Is it possible to avoid all state? • Yes! (in single-threaded programs) • We can pass in the old values of references and return their new values. • Consider the difference between our functional stacks and our imperative ones: • fnl_push : ‘a -> ‘a stack -> ‘a stack • imp_push : ‘a -> ‘a stack -> unit • In general, we can pass in to and out of each function a dictionary that records the current values of references. • But then accessing or updating a reference takes O(lgn) time. • In a world where we do updates in place, we get O(1) time. • (actually only true if you think memory access has constant time.) • In practice, doesn’t solve the problems of aliasing and local reasoning.

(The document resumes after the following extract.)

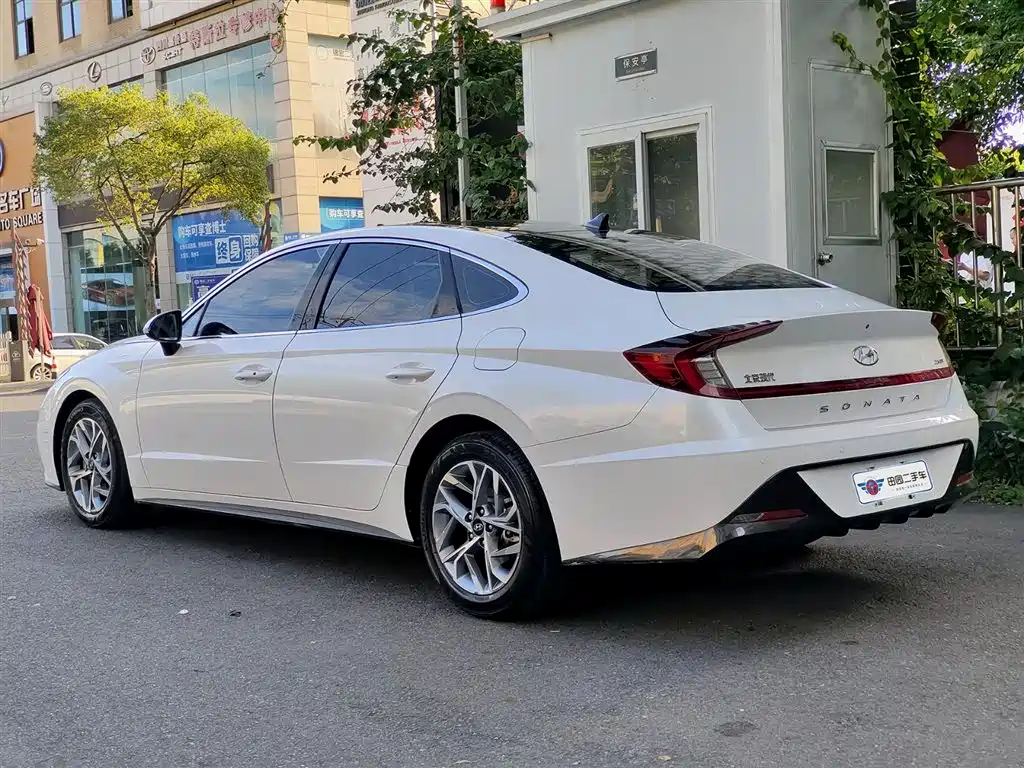 Hyundai Sonata 2020 270TGDi DCT GLS Elite Edition фото 4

How/when to use state? • In general, I try to write the functional version first. • e.g., prototype • don’t have to worry about sharing and updates • don’t have to worry about race conditions • replacement is easy (substitution model!) • Sometimes you find you can’t afford it, for big-O reasons. • example: routing tables need to be fast in a switch • constant time lookup, update (hash-table) • When I do use state, I try to encapsulate it behind an interface. • must think explicitly about sharing and invariants • write these down, write assertions to test them • if encapsulated in a module, these tests can be localized
Arrays and Mutable Fields • In addition to refs, Ocaml provides arrays and mutable fields within records. • in fact a T ref is just a {mutable contents : T} record. • For arrays, we have: • A.(i) to read the ith element of the array A • A.(i) <- 42 to write the ith element of the array A • Array.make : int -> ‘a -> ‘a array • Array.make 42 ‘x’ creates an array of length 42 with all elements initialized to the character ‘x’. • See the reference manual for more operations.